1978’s Gemini was my favorite. Cedar Point’s dual track coaster was well past its prime by the new millennium. The wooden base had turned a weathered gray as if the ride was slowly rotting into dust. An entryway coated in ‘70s era orange and yellows wasn’t attention grabbing.
Few rode Gemini some twenty years after its debut. The gimmick – a race between side-by-side trains – rarely worked without a line-up of people. Take a ride, get off, jump back on; you could repeat the cycle with Gemini all day if you wanted. This led to plenty of roller coasting without the lines of marquee rides.
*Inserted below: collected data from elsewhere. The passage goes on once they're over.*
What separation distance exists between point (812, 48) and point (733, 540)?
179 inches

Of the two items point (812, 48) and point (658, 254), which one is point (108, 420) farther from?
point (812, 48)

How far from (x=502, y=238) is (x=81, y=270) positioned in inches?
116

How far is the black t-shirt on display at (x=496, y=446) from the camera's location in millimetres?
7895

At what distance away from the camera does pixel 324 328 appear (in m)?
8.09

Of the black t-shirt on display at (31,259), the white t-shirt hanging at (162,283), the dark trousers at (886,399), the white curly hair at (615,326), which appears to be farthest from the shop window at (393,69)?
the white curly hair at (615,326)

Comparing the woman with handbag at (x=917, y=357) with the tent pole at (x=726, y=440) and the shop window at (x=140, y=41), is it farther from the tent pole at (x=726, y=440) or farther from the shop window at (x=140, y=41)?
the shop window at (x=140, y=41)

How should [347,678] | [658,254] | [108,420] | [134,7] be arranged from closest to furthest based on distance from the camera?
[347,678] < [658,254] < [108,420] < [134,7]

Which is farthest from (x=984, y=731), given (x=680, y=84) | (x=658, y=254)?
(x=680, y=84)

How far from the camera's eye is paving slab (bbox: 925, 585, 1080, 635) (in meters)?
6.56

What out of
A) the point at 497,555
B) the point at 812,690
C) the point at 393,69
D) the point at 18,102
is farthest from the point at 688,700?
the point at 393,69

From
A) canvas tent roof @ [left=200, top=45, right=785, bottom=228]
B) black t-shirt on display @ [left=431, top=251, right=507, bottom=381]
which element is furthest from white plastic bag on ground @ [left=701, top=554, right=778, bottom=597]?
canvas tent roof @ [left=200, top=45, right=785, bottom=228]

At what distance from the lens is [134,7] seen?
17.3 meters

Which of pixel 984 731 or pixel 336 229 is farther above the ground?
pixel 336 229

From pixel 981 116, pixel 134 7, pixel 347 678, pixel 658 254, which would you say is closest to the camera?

Smartphones have probably made lines tolerable in the intervening years. I wouldn’t know. Gemini was my last coaster ride. The sign at most entrances, “Any person with back, neck or heart problems…” now refers to me. I suffered a spinal injury at work in late 2002. No more roller coasters, no more theme parks, not many leisure activities at all. Riding Gemini today would feel like being in a two minute car accident where the whiplash doesn’t stop. This assumes I could walk far enough into the park to reach the ride. That’s doubtful.
I made things work. I’m here now, following the path of an online tech and games writer. I adore tech, even if progress can be terrifying. The Wii’s motion controls were first to elicit a scare, requiring physicality beyond what was usually comfortable. Microsoft’s Kinect was too frequently unplayable for me. I’ve watched the creation of more active VR like the Virtuix Omni, allowing people to run in place as they play first-person games. Seeing videos of that almost becomes like an out-of-body projection. You envision yourself trying (and failing) to keep pace with the runner playing a military simulation. There is a fear tech will outpace what I can do.
My onus for purchasing a Gear VR was gaming. Samsung’s Oculus-powered headset is entry level, enough to learn my limits. If VR and I are incompatible, I’m out a proportionally tiny entrance fee compared to an HTC Vive or Oculus Rift.
Immediately came games. Smash Hit marries VR to real world and digital arcades in a satisfying way. EVE: Gunjack fancies up the turret shooter, toying with precedents set by Galaga and Space Invaders. At this simple junction of technology, I’m not behind. These are playable for me.
I became curious and explored. I watched Godzilla flicks on Hulu’s simulated big screen, refreshing since a real theater can be uncomfortable. North Korea hosted a parade and Jaunt VR let me in. I traveled to the peak of the Alps, that one too unbelievable as my brain internally laughed at the thought. It was scenic though.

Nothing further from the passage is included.